Spray some in it, it'll make it to where it needs to be.


----------



## dmx (Feb 25, 2017)

Footer said:


> http://store.caig.com/s.nl/sc.2/category.293/.f
> 
> Spray some in it, it'll make it to where it needs to be.



+1 for DeoxIT


----------



## TimMc (Feb 26, 2017)

Caig Labs De-Oxit is the primary chemical to use, but don't spray it down the potentiometer shaft as that will just flush the viscous damping (silicon grease) down onto the resistive element. You will need to access the "can". Note that some of these controls also have conductive grease on the resistive element and the cleaner will flush that out as well.

If you desire a lasting repair you should replace the pots. Cleaning without disassembling the pots is at best a transient fix.


----------



## Footer (Feb 26, 2017)

TimMc said:


> If you desire a lasting repair you should replace the pots. Cleaning without disassembling the pots is at best a transient fix.



Its a mackie 24 channel VLZ, if it is still running its a small miracle... and some would argue this desk itself is a transient fix. 

@JimP0771, if you do find this does not fix it, don't pay for the repair. Save your pennies and buy an X32.


----------



## TimMc (Feb 26, 2017)

I wasn't going to go there, but I certainly agree with your assessment.

Footer said:


> Its a mackie 24 channel VLZ, if it is still running its a small miracle... and some would argue this desk itself is a transient fix.


----------



## JD (Feb 26, 2017)

Be aware that the pots get hooked on the stuff. 
There are two reasons pots get noisy:
1) dirt on the resistive trace / oxide on the tapper brush.
2) The trace is worn away / brush is worn off.
Running the pot back and forth about 20 times between it's extremes can clean it up a bit if it is impractical to clean as long as it is #1. However, years of a "very active" mix can actually wear the carbon trace through to the non-conductive backing. In those cases, replacement is the only option and may be cost prohibitive.


----------



## MikeJ (Feb 28, 2017)

I'm pretty sure all of those pots are PCB mounted, then the shaft of the pots go through the holes in the metal case, and EVERY ONE has a nut screwed down on it. You have to remove every knob, and every nut.
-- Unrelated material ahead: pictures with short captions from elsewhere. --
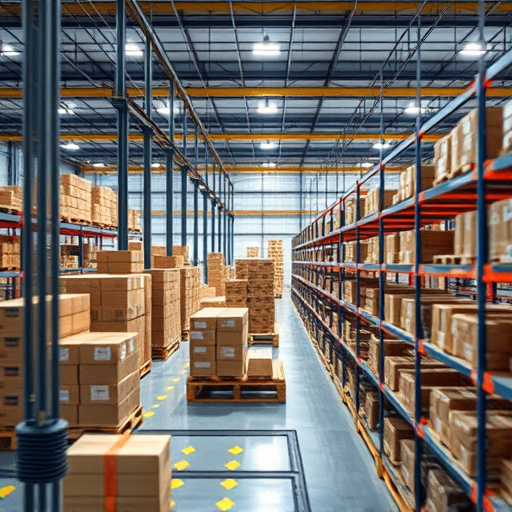 supply chain automation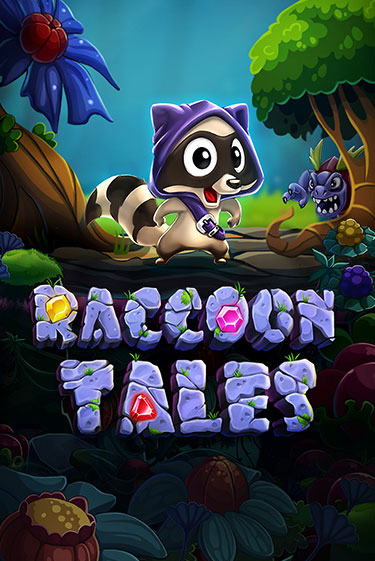 Демо игра Raccoon Tales играть онлайн | Casino X Official бесплатно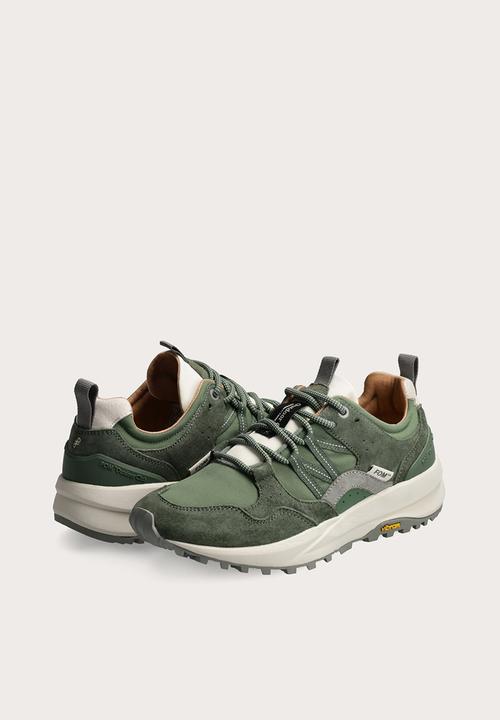 Freedom of Movement - Ladies mTrek - Wilderness Green
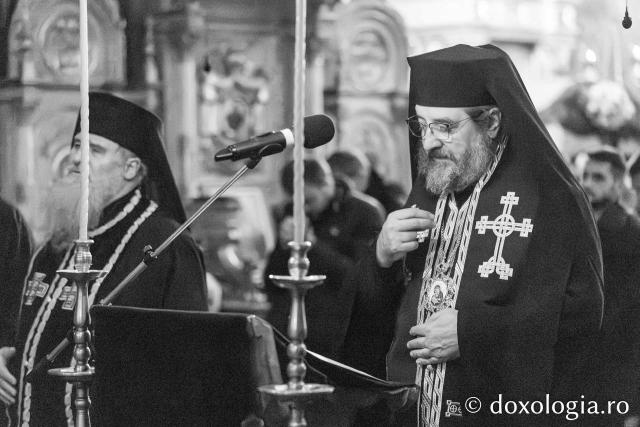 Canonul cel Mare la Catedrala Mitropolitană din Iași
If the fader cleaner does not work, its pretty much not worth the labor to repair.


----------



## RonHebbard (Feb 28, 2017)

MikeJ said:


> I'm pretty sure all of those pots are PCB mounted, then the shaft of the pots go through the holes in the metal case, and EVERY ONE has a nut screwed down on it. You have to remove every knob, and every nut. If the fader cleaner does not work, its pretty much not worth the labor to repair.
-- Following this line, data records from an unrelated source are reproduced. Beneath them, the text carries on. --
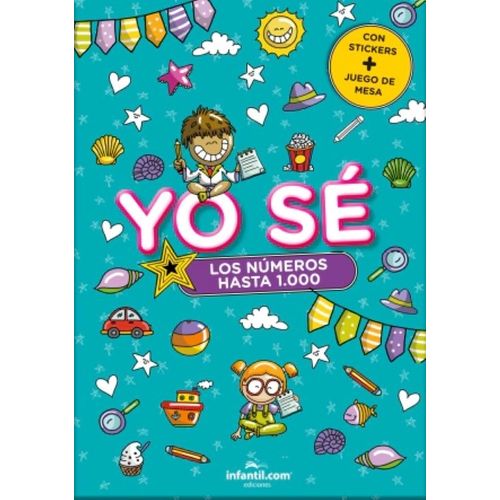 YO SE - LOS NUMEROS HASTA 1000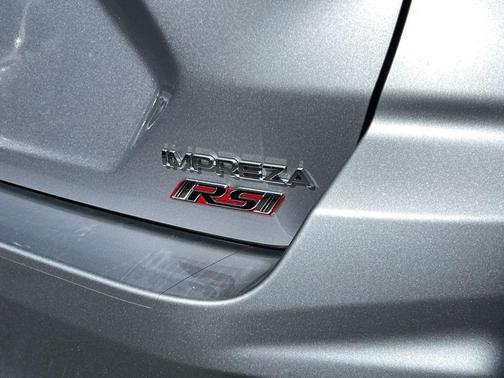 2025 Subaru Impreza RS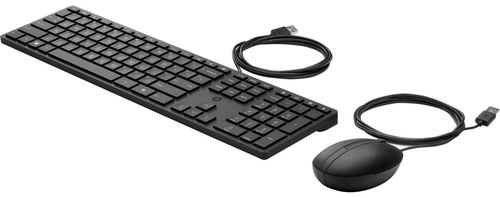 купить Клавиатура + Мышь HP 320MK combo в Кишинёве 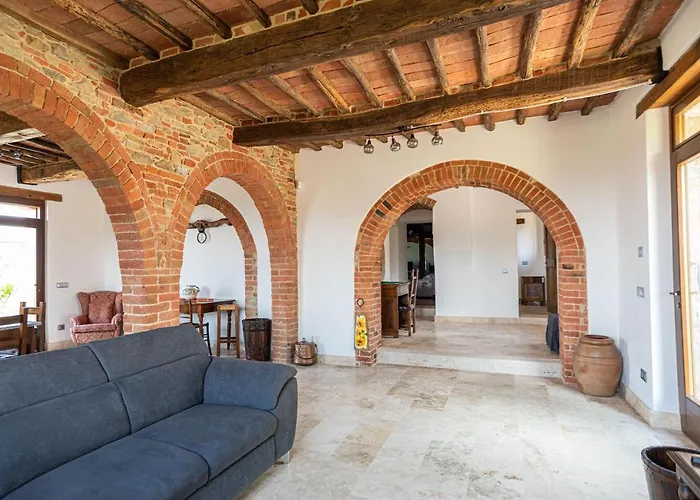 Apartamento Casolare Marconi Panicale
And that's why God invented hollow-shaft nut drivers.
Toodleoo!
Ron Hebbard.


----------



## JD (Feb 28, 2017)

MikeJ said:


> I'm pretty sure all of those pots are PCB mounted, then the shaft of the pots go through the holes in the metal case, and EVERY ONE has a nut screwed down on it. You have to remove every knob, and every nut. If the fader cleaner does not work, its pretty much not worth the labor to repair.
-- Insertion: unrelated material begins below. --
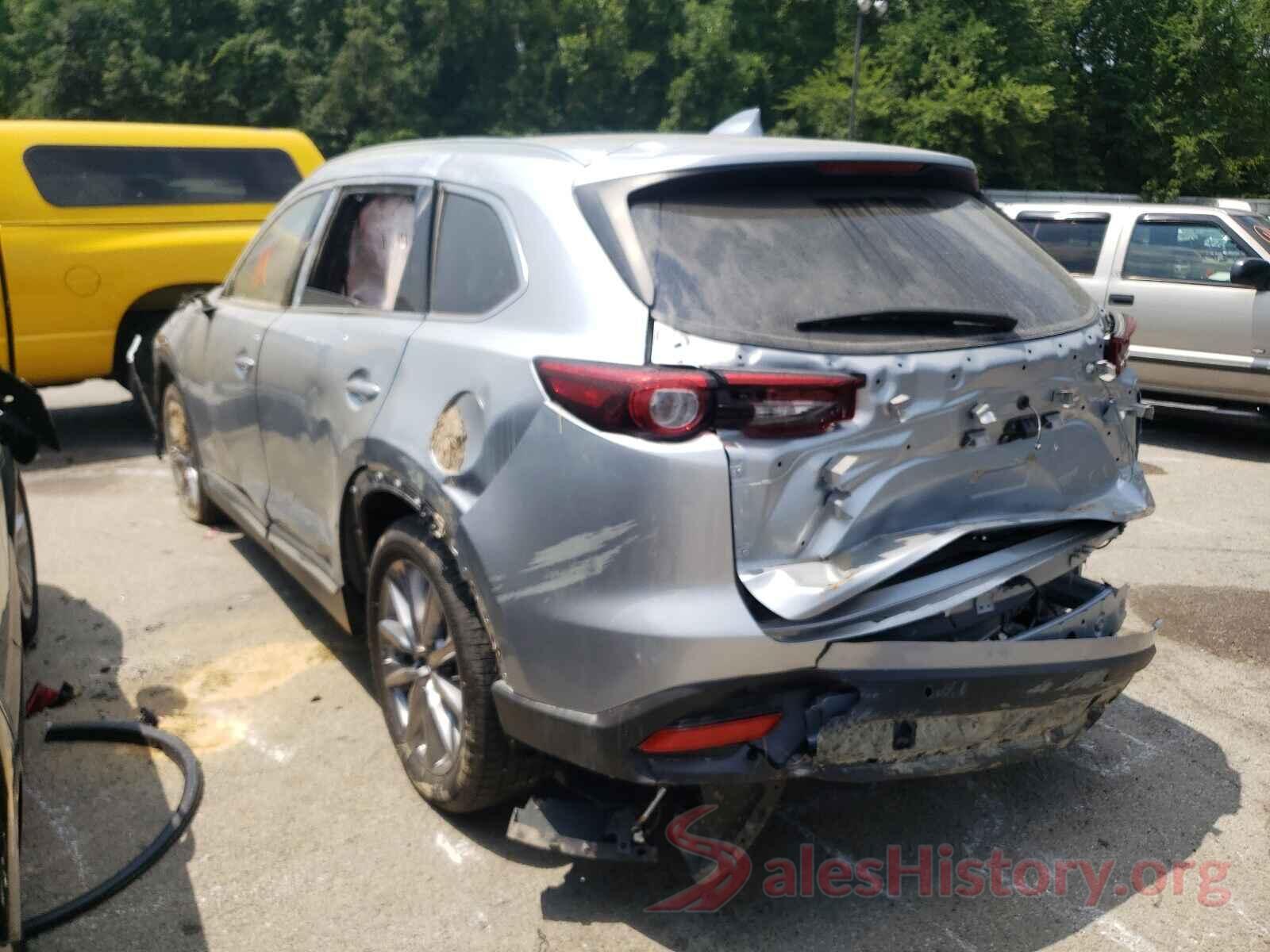 JM3TCBDY8L0402618 2020 MAZDA CX-9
It only seems like a monster task until you've done it a few times. I remember popping over 100 off a board once. Timed it. Took about 25 minutes. In the grand scheme of things, it's not as big a deal as it looks, just a LOT of boring repetitive motion. Still, I wasted 25 minutes on worse. (a reinstall of Windows today comes to mind.)


----------



## MikeJ (Mar 1, 2017)

JD said:


> It only seems like a monster task until you've done it a few times. I remember popping over 100 off a board once. Timed it. Took about 25 minutes. In the grand scheme of things, it's not as big a deal as it looks, just a LOT of boring repetitive motion. Still, I wasted 25 minutes on worse. (a reinstall of Windows today comes to mind.)



Yeah, so true. I guess it depends on the individual situation. If it's my board, and it does everything I need it to, I might spend the time to do the repair. If I could not do it myself, and was itching for something new anyway, the labor cost sending it out would probably be better put towards something newer and better.


----------



## TimmyP1955 (Mar 21, 2017)

CRC QD Electronic Cleaner (does not leave a mess like DeOxIt). Sometimes you can get lucky and it will run between the shaft and the bushing and get the pot cleaned up. If not, time to take it all apart as was mentioned above.


----------



## venuetech (Mar 21, 2017)

RonHebbard said:


> And that's why God invented hollow-shaft nut drivers.


No, That's why god invented dumpsters. That's where i keep my SR32-4. I'm sure it will be there when i go looking for it.
My De-Oxit budget was getting out of control.

but you can try just exercising the pot as JD suggests in an attempt to clean off the oxidation.


----------